*** Opening of DATASET RECORDS ***

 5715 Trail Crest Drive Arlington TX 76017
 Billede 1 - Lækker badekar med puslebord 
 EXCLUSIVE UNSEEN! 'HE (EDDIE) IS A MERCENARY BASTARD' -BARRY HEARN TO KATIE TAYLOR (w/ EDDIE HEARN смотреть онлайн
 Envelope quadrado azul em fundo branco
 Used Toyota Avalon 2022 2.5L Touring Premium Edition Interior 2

*** Close of DATASET RECORDS ***
*** Opening of DATASET RECORDS ***

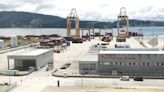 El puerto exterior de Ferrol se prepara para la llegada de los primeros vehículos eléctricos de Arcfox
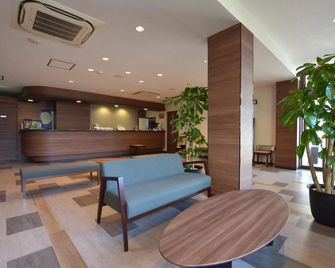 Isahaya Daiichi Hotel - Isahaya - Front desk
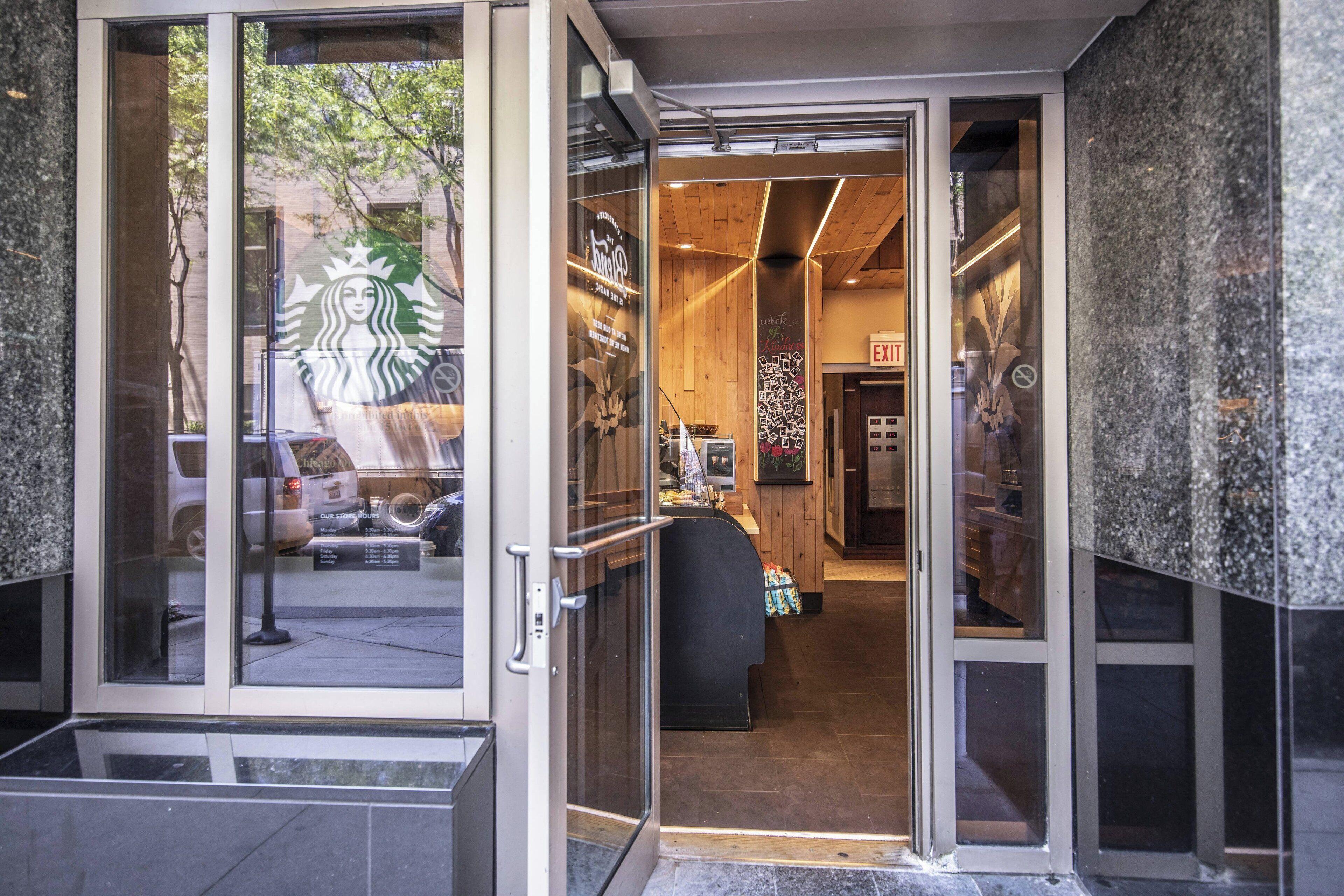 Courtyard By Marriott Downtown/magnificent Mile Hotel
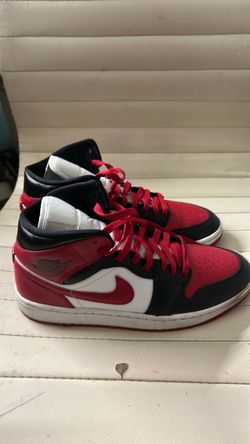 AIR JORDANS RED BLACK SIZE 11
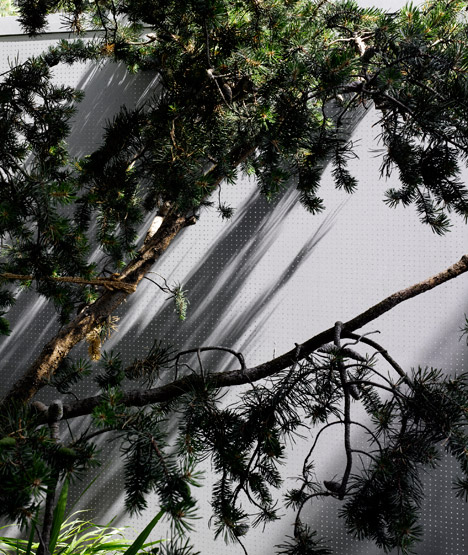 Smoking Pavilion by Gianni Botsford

*** Close of DATASET RECORDS ***

REQUIRED ACTION: Output the lines of the records above exactly as they appear, from the line containing "5715 Trail Crest Drive Arlington TX 76017" through the line containing "Used Toyota Avalon".

TASK SOLUTION:
 5715 Trail Crest Drive Arlington TX 76017
 Billede 1 - Lækker badekar med puslebord 
 EXCLUSIVE UNSEEN! 'HE (EDDIE) IS A MERCENARY BASTARD' -BARRY HEARN TO KATIE TAYLOR (w/ EDDIE HEARN смотреть онлайн
 Envelope quadrado azul em fundo branco
 Used Toyota Avalon 2022 2.5L Touring Premium Edition Interior 2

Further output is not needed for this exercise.